Révocation de Jeanne Mrad : une décision arbitraire ?

La chef de la mission permanente du Liban à l’ONU a été sommée vendredi dernier de rejoindre l’administration centrale du ministère des Affaires étrangères dès la première dizaine du mois d’octobre.

Révocation de Jeanne Mrad : une décision arbitraire ?

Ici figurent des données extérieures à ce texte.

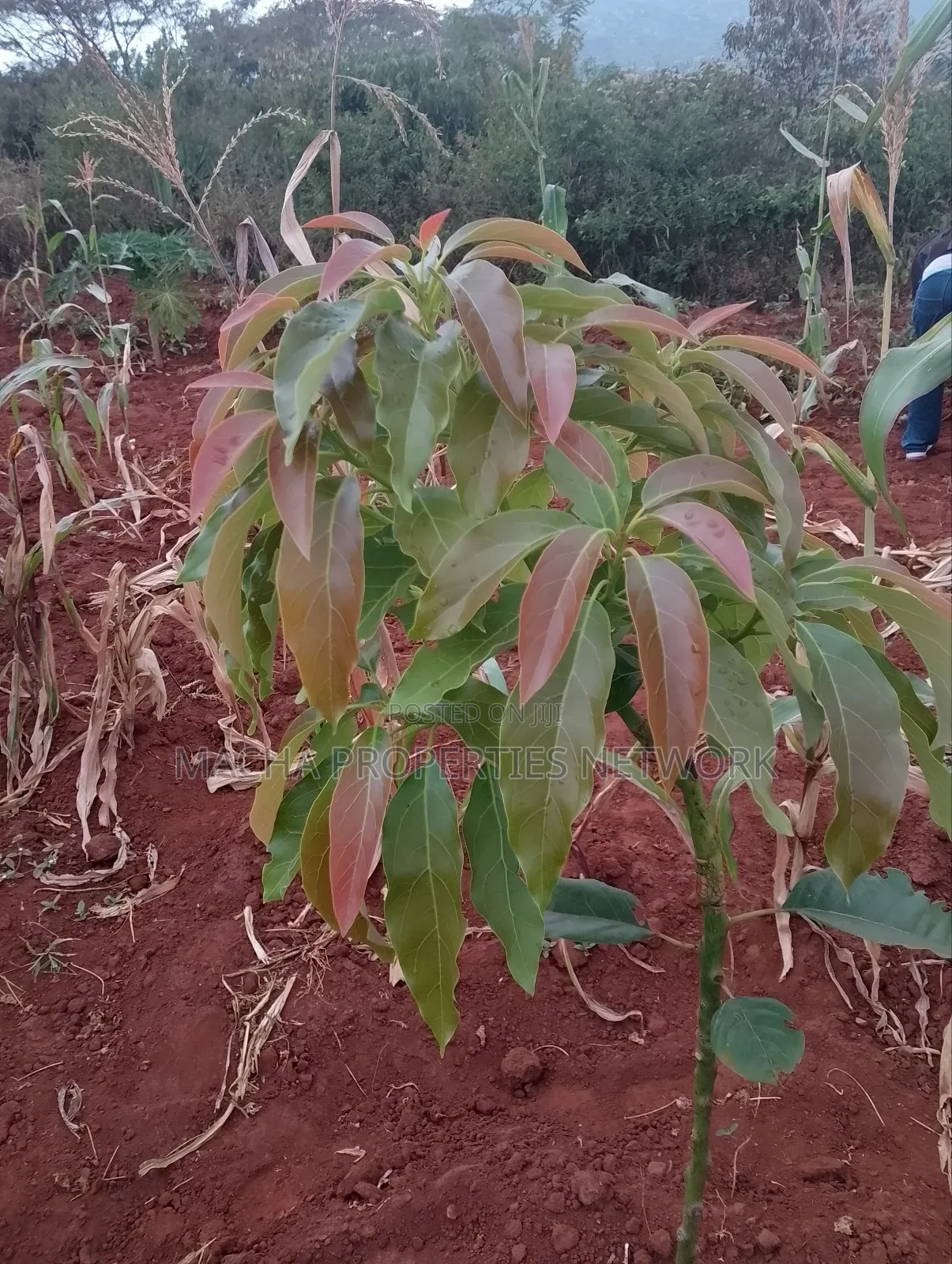 Machakos 1acres and a Quarter -Kwa Mutisya Wangomali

Pause photo en marge de l’Assemblée générale des Nations unies, tenue à la mi-septembre. Au centre, le ministre sortant des Affaires étrangères, Abdallah Bou Habib, et le chef du gouvernement, Nagib Mikati. Troisième et quatrième à partir de la droite, Jeanne Mrad et Inaya Ezzeddine. Premier à partir de la gauche, le diplomate Hadi Hachem. Photo DR

À peine le ministre sortant des Affaires étrangères, Abdallah Bou Habib, avait quitté vendredi 21 septembre New York, où il participait à la 78e Assemblée générale des Nations unies, que la chef de la mission permanente du Liban à l’ONU, Jeanne Mrad, a été notifiée par le ministère de l’obligation d’abandonner immédiatement son poste et de rejoindre l’administration centrale à Beyrouth dès la première dizaine du mois d’octobre. La décision a suscité des critiques et des questionnements dans les milieux politiques et les médias, Mme Mrad étant appréciée par nombre de ses pairs du corps diplomatique pour ses compétences et sa probité.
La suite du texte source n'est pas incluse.